For this competition, you will be predicting a continuous target based on a number of feature columns given in the data. All of the feature columns, cat0 - cat9 are categorical, and the feature columns cont0 - cont13 are continuous.

Files:
- train.csv - the training data with the target column
- test.csv - the test set; you will be predicting the target for each row in this file
- sample_submission.csv - a sample submission file in the correct format


## Inital setup

In [1]:
import pandas as pd

train_path = '../input/30daysofml/train.csv/train.csv'
test_path = '../input/30daysofml/test.csv/test.csv'

# All features + target
raw_train = pd.read_csv(train_path)
# All features, no target
raw_test = pd.read_csv(test_path)

## Preprocessing 

In [2]:
# Remove rows with missing target, separate id and target from predictors
X_full = raw_train.dropna(axis=0, subset=['target'], inplace=False).copy()
y = X_full.target
X_full.drop(['id','target'], axis=1, inplace=True)

In [3]:
from sklearn.model_selection import train_test_split

# Break off validation set from training data
X_train_full, X_valid_full, y_train, y_valid = train_test_split(X_full, y, 
                                                                train_size=0.75,
                                                                random_state=0)

In [4]:
# "Cardinality" means the number of unique values in a column
# Select categorical columns with relatively low cardinality (convenient but arbitrary)
categorical_cols = [cname for cname in X_train_full.columns if
                    X_train_full[cname].nunique() < 16 and 
                    X_train_full[cname].dtype == "object"]

In [5]:
# Select numerical columns
numerical_cols = [cname for cname in X_train_full.columns if 
                X_train_full[cname].dtype in ['int64', 'float64']]

In [6]:
# Keep selected columns only
my_cols = categorical_cols + numerical_cols
X_train = X_train_full[my_cols].copy()
X_valid = X_valid_full[my_cols].copy()
X_test = raw_test[my_cols].copy()

## EDA for Feature Engineering

In [7]:
import matplotlib.pyplot as plt
import seaborn as sns

In [8]:
df = raw_train.copy()
[df[col].unique() for col in categorical_cols]

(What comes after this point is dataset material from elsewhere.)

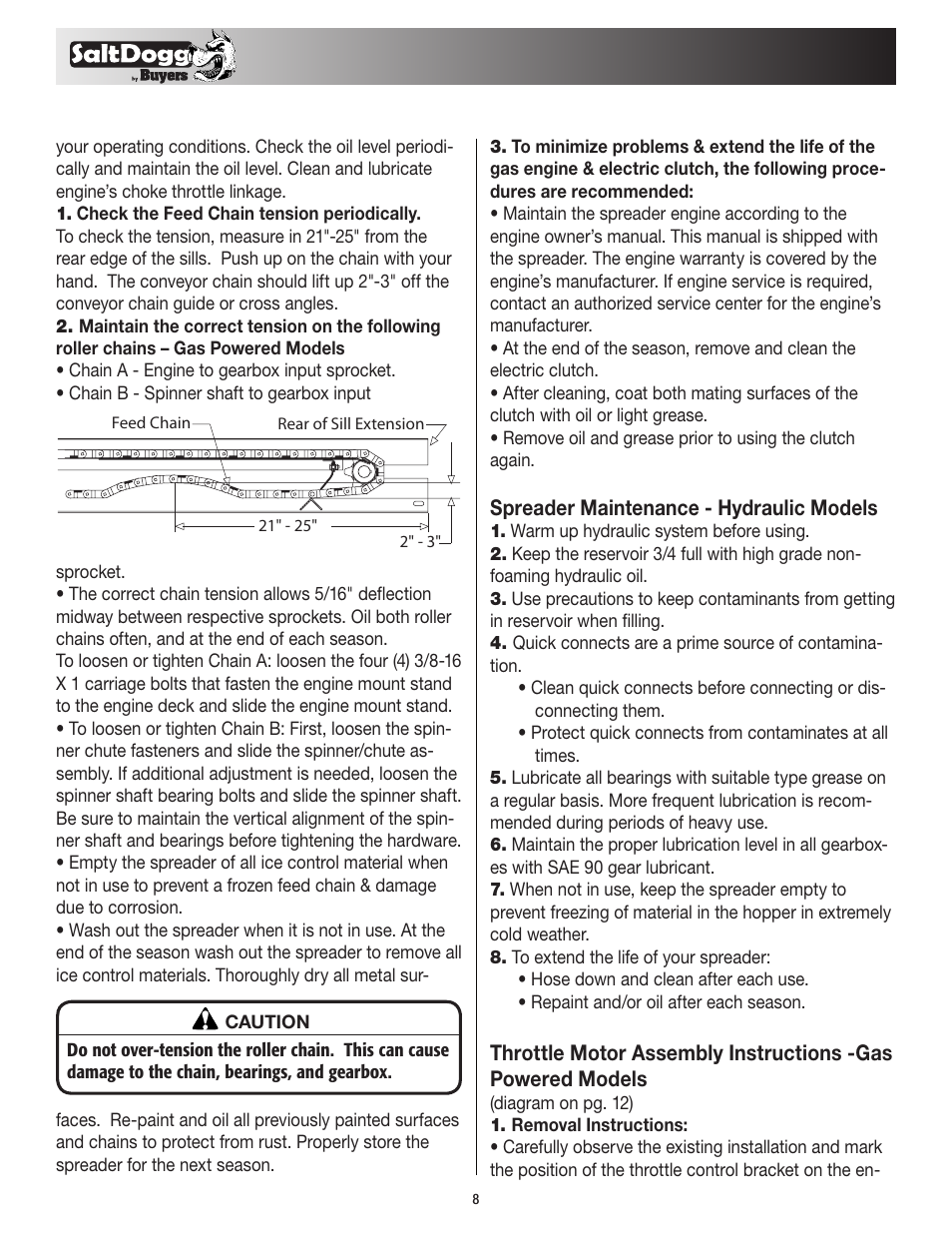 SaltDogg 1400550SS / -H Self-Contained Hopper Spreader User Manual | Page 8 / 16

[array(['B', 'A'], dtype=object),
 array(['B', 'A'], dtype=object),
 array(['B', 'A'], dtype=object),
 array(['C', 'A', 'D', 'B'], dtype=object),
 array(['B', 'C', 'A', 'D'], dtype=object),
 array(['B', 'D', 'C', 'A'], dtype=object),
 array(['A', 'B', 'C', 'H', 'D', 'I', 'G', 'E'], dtype=object),
 array(['E', 'F', 'D', 'B', 'G', 'C', 'A', 'I'], dtype=object),
 array(['C', 'A', 'G', 'E', 'F', 'D', 'B'], dtype=object),
 array(['N', 'O', 'F', 'K', 'M', 'I', 'G', 'H', 'L', 'B', 'A', 'J', 'D',
        'C', 'E'], dtype=object)]

In [9]:
from sklearn.preprocessing import OneHotEncoder
from sklearn.preprocessing import OrdinalEncoder
from sklearn.linear_model import LinearRegression

def is_ordinal(col):
    # 1 pick a variable
    variable = df[[col]]
    # 2 transform it by ordinal encoder
    OD = OrdinalEncoder()
    OD_var = OD.fit_transform(variable)
    # 3 run a linear regression of your variable's ordinal encoding against your target
    target = df[['target']]
    reg_OD = LinearRegression().fit(OD_var, target)
    # 4 inspect the r2 coefficients 
    score_OD = reg_OD.score(OD_var, target)
    print(f'{col} Ordinal r2 score: {score_OD}')
    # 5 the coefficients far from zero (both in positive and negative) point out that an encoding is meaningful. 
    # AUX Print some plots
    #plt.scatter(x=OD_var, y=target, color='blue', alpha=0.05)
    #plt.title(f'{col}')
    #plt.show()

Just run once for EDA purposes

In [10]:
#for col in categorical_cols:
    #is_ordinal(col)

Guided by intuition, after inspecting the results of the exploration above, I'll try separating some of the categorical cols into ordinal and nominal cols

In [11]:
ordinal_cols = ['cat3', 'cat4', 'cat5', 'cat6', 'cat7', 'cat8']
nominal_cols = ['cat0', 'cat1', 'cat2', 'cat9']

In [12]:
# Keep selected columns only
my_cols = ordinal_cols + nominal_cols + numerical_cols
X_train = X_train_full[my_cols].copy()
X_valid = X_valid_full[my_cols].copy()
X_test = raw_test[my_cols].copy()

## Hyper parameter tuning of the model

In [13]:
#Importing Packages
from xgboost import XGBRegressor
from sklearn.model_selection import GridSearchCV

from sklearn.metrics import mean_squared_error

In [14]:
#XGBoost hyper-parameter tuning
def hyperParameterTuning(X_train, y_train):
    param_tuning = {
        'learning_rate': [0.02,0.05, 0.1],
        'max_depth': [3, 5, 7, 10],
        'min_child_weight': [1, 3, 5],
        'subsample': [0.5, 0.7],
        'colsample_bytree': [0.5, 0.7],
        'n_estimators' : [100, 200, 500],
        'objective': ['reg:squarederror'],
        'tree_method': ['gpu_hist']
    }

    xgb_model = XGBRegressor()

    gsearch = GridSearchCV(estimator = xgb_model,
                           param_grid = param_tuning,                        
                           #scoring = 'neg_mean_squared_error',  #MSE
                           cv = 5,
                           n_jobs = -1,
                           verbose = 1)

    gsearch.fit(X_train,y_train)

    return gsearch.best_params_

In [15]:
from sklearn.compose import ColumnTransformer
from sklearn.pipeline import Pipeline
from sklearn.impute import SimpleImputer
from sklearn.preprocessing import OneHotEncoder
from sklearn.preprocessing import OrdinalEncoder

In [16]:
# Preprocessing for numerical data
numerical_transformer = SimpleImputer(strategy='median')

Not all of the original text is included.